Alberta matchmaking program could help young farmers find land, not love
CBC
A networking organization for young farmers is trying to connect them with people who have land to spare in Alberta.
Young Agrarians, an organization that helps new farmers share knowledge, plans to replicate its successful B.C. land-sharing program in Alberta, matching veteran farmers with upstarts who cannot afford land of their own.
Partnering with local counties near Edmonton, the group has been holding workshops on land-linking and it published a land access guide earlier this year.
The most recent workshops drew dozens of aspiring farmers who live in cities, veteran farmers and new Canadians with farming experience in their home countries.
The organization is trying to close the gap between land-seekers and landholders, making it easier for both groups to find each other and make mutually beneficial land agreements, whether they are leasing arrangements, cooperatives or community farms.
"It's kind of like dating," said Melisa Zapisocky, who was hired as Young Agrarians' Alberta land access coordinator this fall.
Though Young Agrarians is keen to play matchmaker, they will leave arranging agreements and contracts to lawyers and other professionals.
Zapisocky said recent statistics illustrate a "great land shift" is underway in Canada.
According to the 2016 Statistics Canada Census of Agriculture, the average age of Canadian farmers was 55 and most did not have a succession plan.
Some young or aspiring farmers are eager to enter the industry, but cannot afford land, which has become more expensive.
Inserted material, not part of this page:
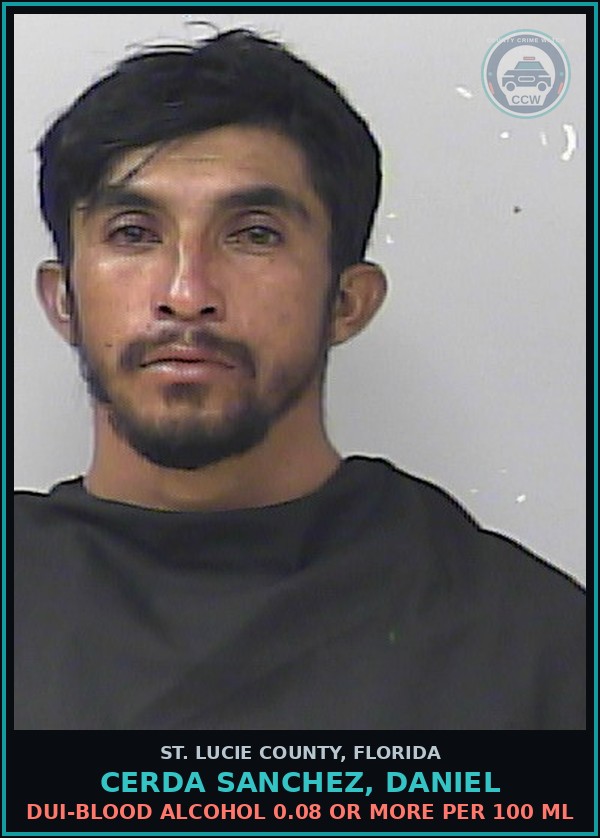 Booking mugshot of Cerda Sanchez, Daniel in St. Lucie County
Statistics Canada's census showed the value of land in Alberta increased 27 per cent from 2011 to 2016.
"So we have these three pieces of aging farmers, fewer people farming because farms have gotten bigger and the new generation of people that are really excited and interested in farming," Zapisocky said.
Land-sharing agreements could benefit Violet Bretin, who has a 75-acre farm in Leduc County.
She and her late-husband, Vern, started running Bio-Way Gardens in 1983, growing vegetables, fruit and flowers, which they sold at local farmers' markets.
Bretin, a spry 91-year-old woman, is not finished with farming — she plans to plant strawberries, peas, carrots, cabbage, beets, beans, corn and cucumbers next year, as well as tend to her gardens — but she wants to share two-acre parcels of land with young people.